3. Without prejudice to above contention he submits, the tribunal
has made impugned order. Section 33 prescribes for various time
limits. Petitioner had approached for correction within prescribed time
and the arbitrator has dealt with it, also within prescribed time. There
is no scope for enlarging the time by judicial review under writ
jurisdiction. He relies on views of a Division Bench of High Court of
Allahabad in M/s. Kali Charan Pandey vs.

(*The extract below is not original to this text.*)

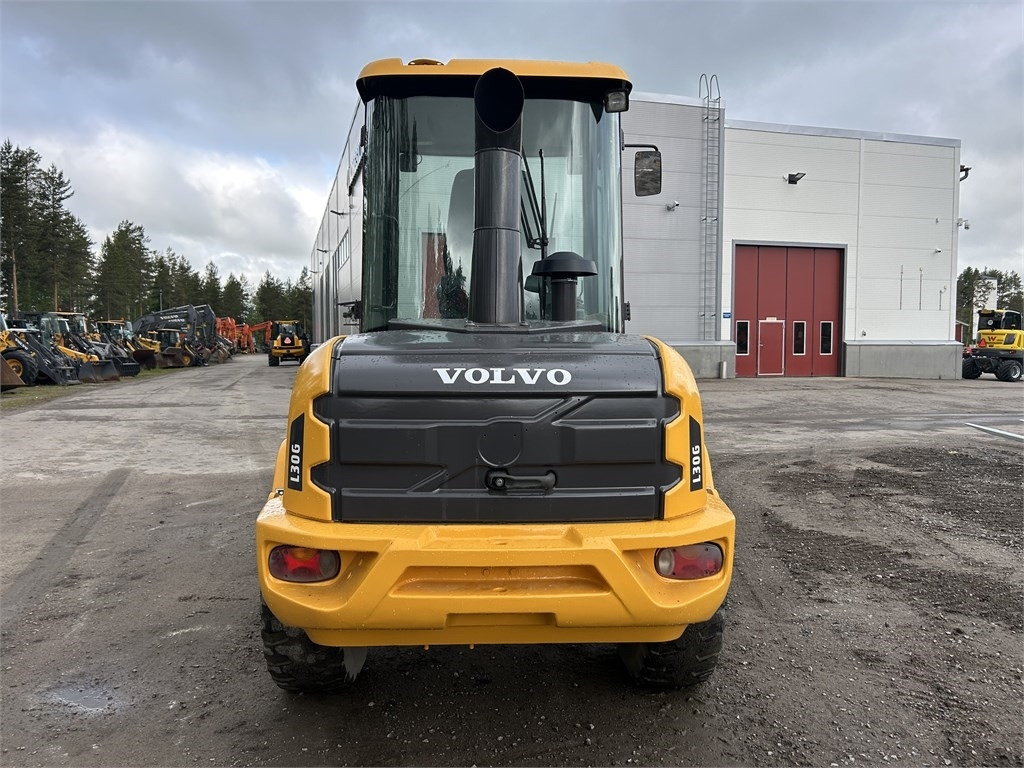 Volvo L30G TRUKKIPIIKEILLÄ - Wheel loader: gambar 4 Volvo L30G TRUKKIPIIKEILLÄ - Wheel loader: gambar 4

Union of India reported
in (2014) 107 ALR 409, also available at 2014 SCC On line ALL
15963, paragraph 11 reproduced below.
" 11. In view of the specific language of section 33 of Act, 1996 which is not under challenge before us, there cannot be a mandamus by this Court to the Arbitrator to act contrary to the Statutory provisions, as the outer limit fixed for making of the correction i.e., 30 days from the date the request is made has expired long back."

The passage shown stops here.